Ceci dit, il est fort regrettable que Me Ch. Cancellieri n’ait pu assister en personne à cette conférence ; il se serait rendu compte, tout au contraire, que M. Jacques Duboin, dans un exposé des plus précis, avec une documentation statistique impressionnante, n’a rien négligé pour permettre aux plus aveugles d’entrevoir tous les événements, y compris les plus sanglants, qui guettent, inévitablement notre société actuelle.

Le règne des grands féodaux de la finance et des gros privilégiés des temps présents, a-t-il dit, n’est plus possible. Il leur faudra, a-t-il laissé entendre, tôt ou tard abdiquer, et ce, bon gré, mal gré, entre les mains de tous pour tous, « les actuels moyens de production et d’échange » qu’ils ne détiennent plus que par quelques artifices.

Donc, à moins de lui demander de préconiser ouvertement le recours à la force brutale, pour atteindre ce but, Me Ch. Cancellieri voudra bien convenir avec nous, que notre ami Jacques Duboin a parfaitement conclu.

Le distingué avocat paraît perdre de vue, en la circonstance, que cette abdication qui, nous le reconnaissons très volontiers, ne se fera pas de gaieté de coeur, se fera, néanmoins, inéluctablement, par le simple développement de la technique et de tous les moyens de production.

Ainsi, le seul accroissement des richesses à des cadences jusqu’ici inconnues, en ramenant «  le profit » capitaliste à zéro, détruira, mathématiquement, si l’on peut dire et très vite, la vieille société capitaliste.

Et ça, c’est véritablement la grande révolution qui vient.

Alors, pourquoi vouloir envisager une effusion de sang, comme l’unique moyen d’y parvenir.

Ce grand événement, qui amènera l’abondance certaine pour tout le monde, serait encore plus près de nous, si l’élite, précisément, abandonnant, enfin, son mol oreiller d’indifférence égoïste, voulait comprendre qu’il n’est plus possible que les uns aient trop de tout, pendant que les autres n’ont absolument rien.

Il y a là, pour ces derniers, une scandaleuse négation du droit à la vie, qu’il faut à tout prix faire cesser, sans pour cela déchaîner la guerre civile, encore beaucoup plus inhumaine que la guerre étrangère.

Certes, il est urgent d’agir car la faim et la misère sont mauvaises conseillères, mais tout en étant d’accord avec Me Ch.
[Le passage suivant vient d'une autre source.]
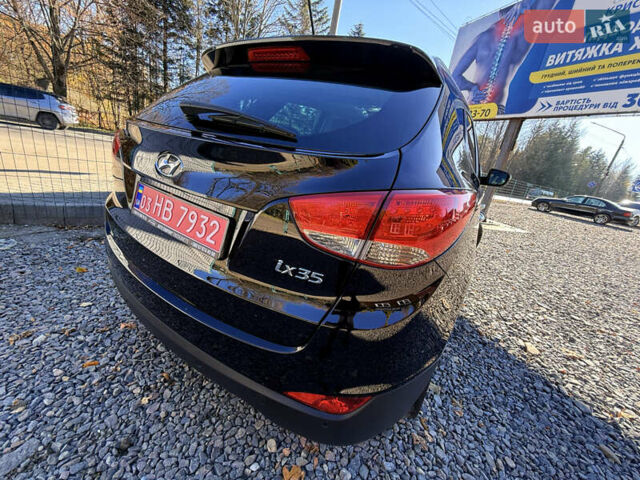 Чорний Хендай іх35, об'ємом двигуна 2 л та пробігом 153 тис. км за 13999 $, фото 16 на Automoto.ua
Cancellieri, sur les résultats à obtenir, dans le plus bref délai, Jacques Duboin entend, avant d’en arriver aux moyens violents, tout tenter et mettre en œuvre dans un cadre évolutif et révolutif, qui n’a rien à voir avec des formules sociales périmées.

Est-ce là de la pusillanimité ? Nous ne le pensons pas.

Si Me Charles Cancellieri avait réellement lu un seul des livres de notre ami, il n’aurait pas écrit ce qu’il écrit.

Dans tous les cas, qu’il sache bien que tout est prévu dans son esprit et que son seul souci pour les temps futurs, réside dans l’organisation des loisirs des hommes.

Pour lui, le chômage serait une récompense, autrement dit, le repos, justement mérité du travailleur.

En fait, le tout est de se comprendre.